Friday, November 30, 2018

11/302018

I still think about being a woman or dressing as one, I would be in heaven if my oldest step-daughter and her mother would apply nail polish to my toenails, take me to a beauty salon to have my hair styled and perm in a woman's style.  To be taken to a nail salon and have a manicure done, then out shopping for feminine attire.
Some would say I need to talk to my wife about this, it is one of those relationships where don't say nothing or else the whole world as I know it will come crashing down.  I might live but is it really worth it?

Tuesday, November 20, 2018

11/20/2018

I have been getting the silent treatment for the last week, I believe by first of year if not sooner I may be divorced once again.  This time it won't be for my cross dressing it will be because we just don't get along, she likes spending way to much money that she doesn't have and thinks I should buy her a new vehicle that I can't afford.  Plus she has twins eleven year old girls that don't do no chores and if you ask them do something all hell breaks lose.
I have made my mind up when I do get  divorce I will live most of my time as a woman.  I will keep a couple of pairs of work clothes, in case I get a call to go back to work in the spring.  Otherwise everything will be women's attire that will be in my dresser and closet.  I am planning on having more women's attire,shoes boots and coats then I ever had before. From the time I go to bed at night wearing a sleeping grown to when I get up in the morning donning a bra and dressing as a woman.  I will start going out shopping as a woman and socializing as a woman.

Wednesday, November 14, 2018

11/14/2018

I don't blame her directly or indirectly, the blame falls on me and me alone.

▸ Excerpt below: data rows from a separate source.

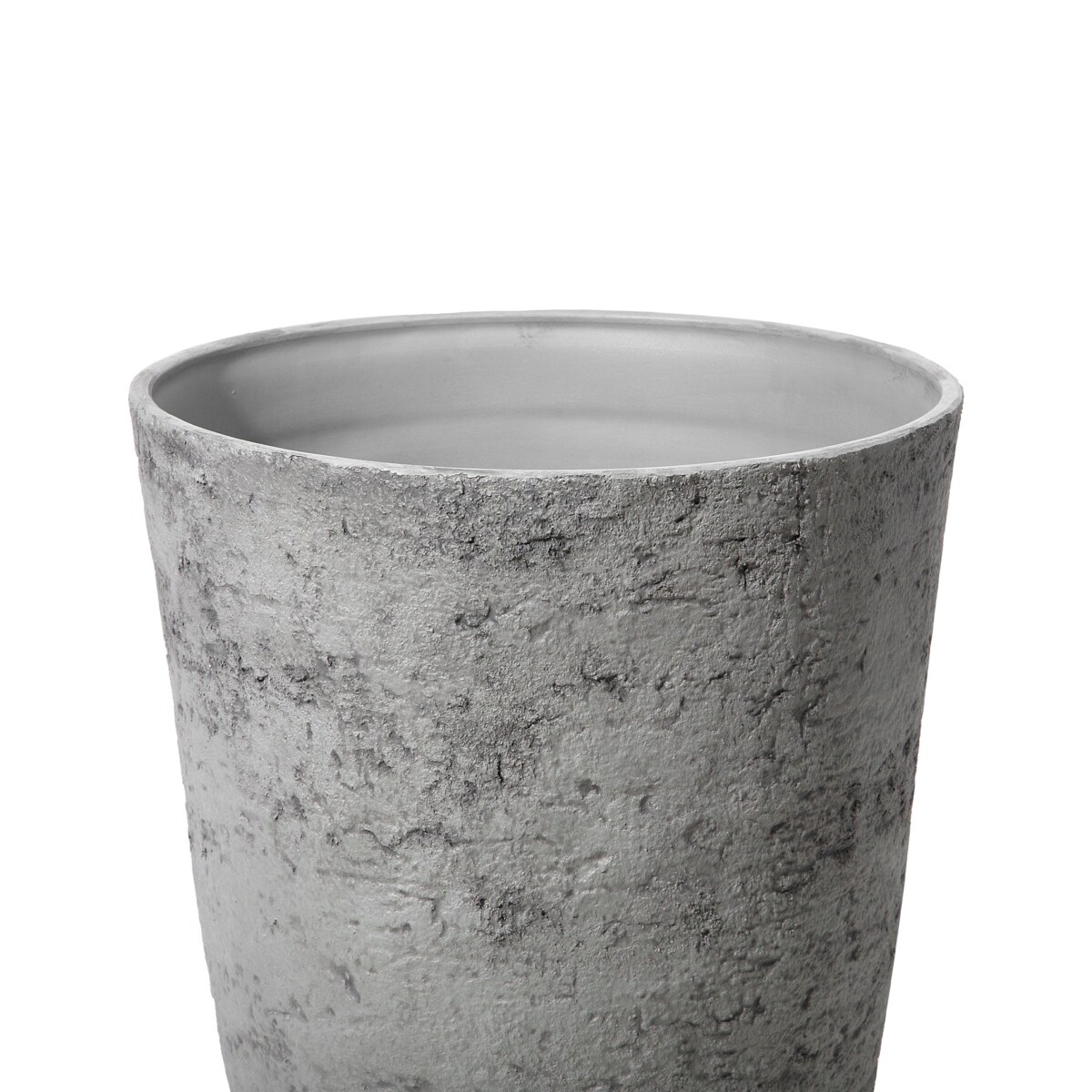 Zestaw 2 doniczek CAMIA Kamień 51 cm Szary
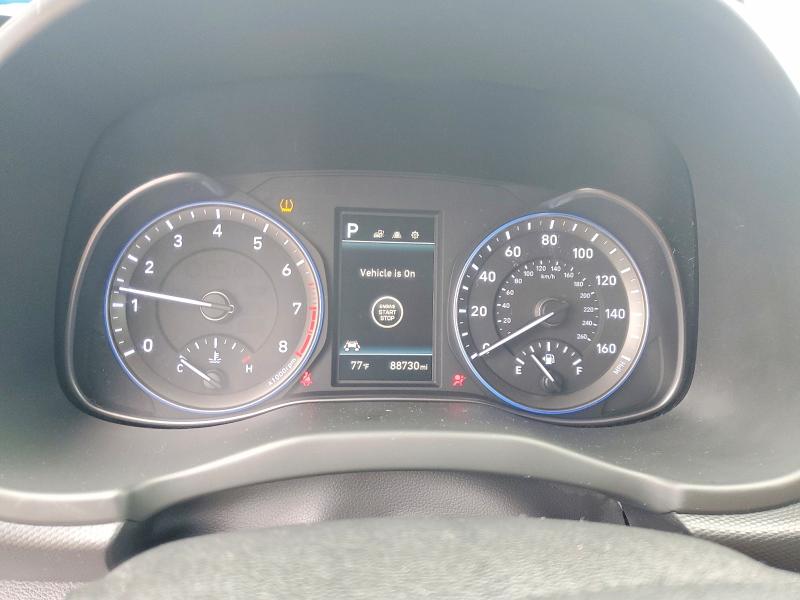 2020 Hyundai Kona VIN KM8K33A52LU457638 COPART salvage auction — HAIL, Tx - Certificate Of Title, sold $6,900 on 2026-07-02 (photo 9)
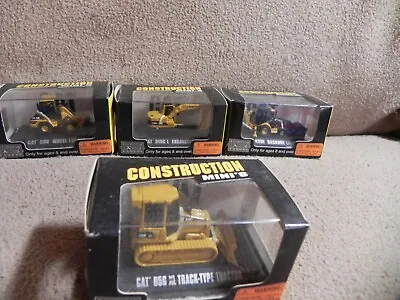(4) Norscot CAT Caterpillar Construction Mini's Excavator Dozer Loader&Backhoe • $24.99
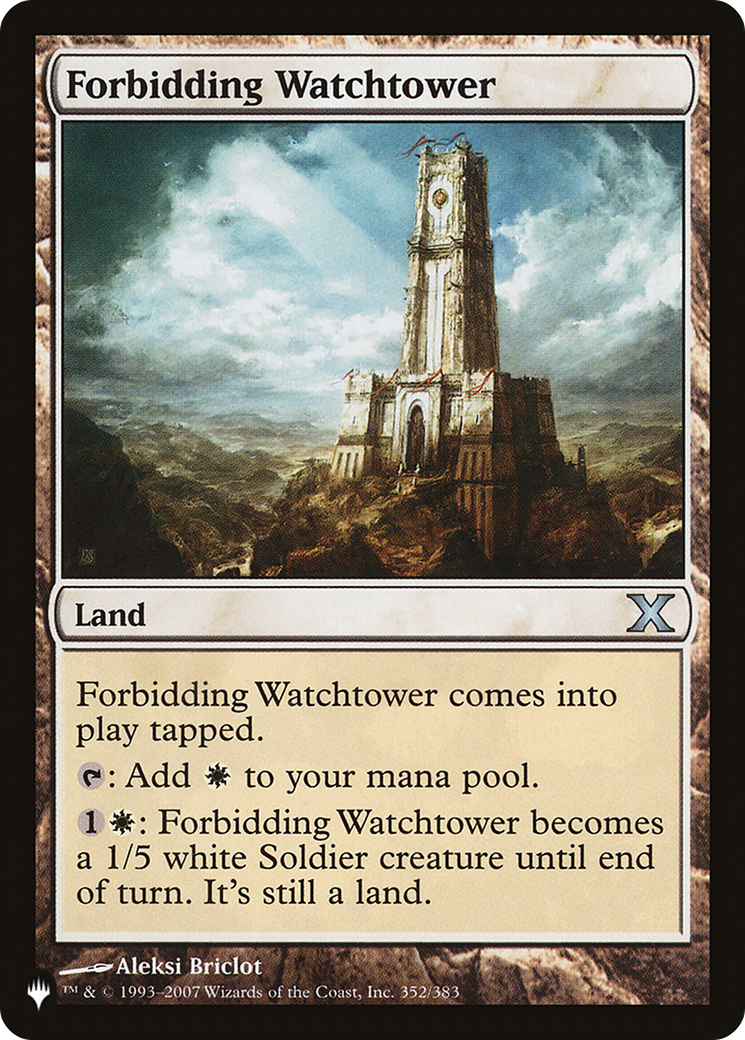 Forbidding Watchtower [The List] | Galaxy Games LLC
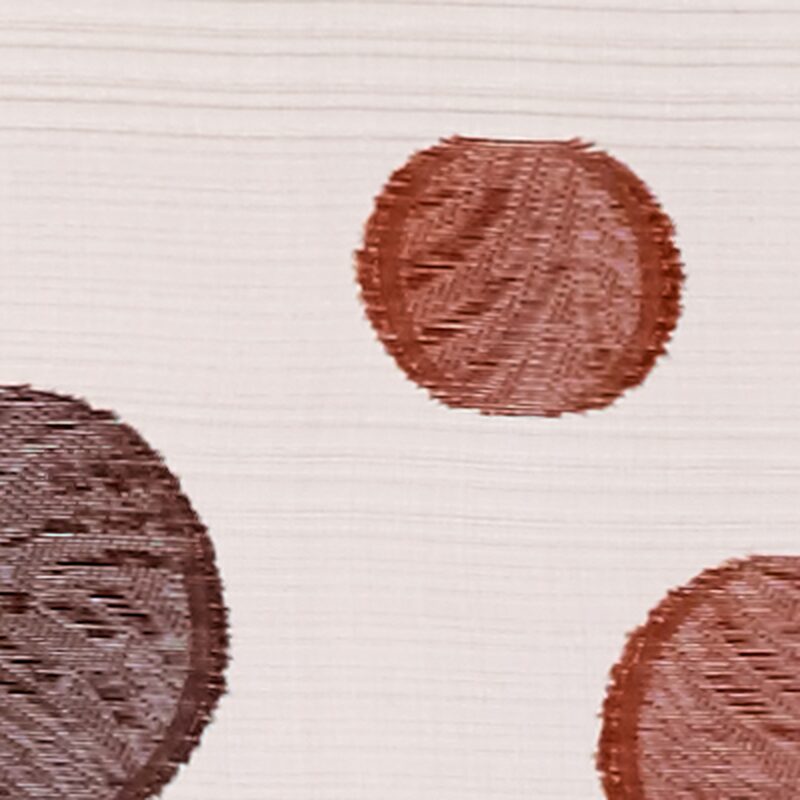 Vitrage TRAMONTANE coloris chocolat 45 x 160 cm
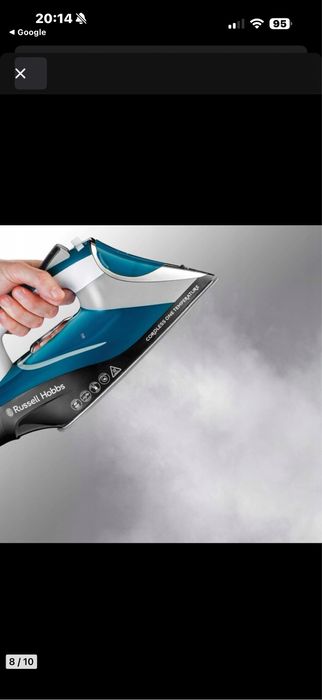 Żelazko bezprzewodowe russell hobbs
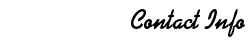 Contact Info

I have never been honest with myself like many others my age we grew up in a time when it was taboo, that if you cress-dress you must be gay. It is hard to get over those feelings that it is something you just enjoy doing. I remember my older sister thinking she caught me dressed completely as a woman one evening when our parents went on a vacation that she agreed to come by and check on me even though I was of age and working full time. When I answered the door she turned around and left but came back by thirty minutes later. She came in and asked if I wanted to talk, when I said can we have a woman to woman talk she said we can never have a woman to woman talk we can have a woman to whatever talk. In her mind I was sick in the head and needed professional help. All that processional wanted to know if I had a boyfriend that I dressed for. No I don't blame anyone but myself. Should have kept looking for that right fit of a woman who wouldn't mind having a part-time woman living with her.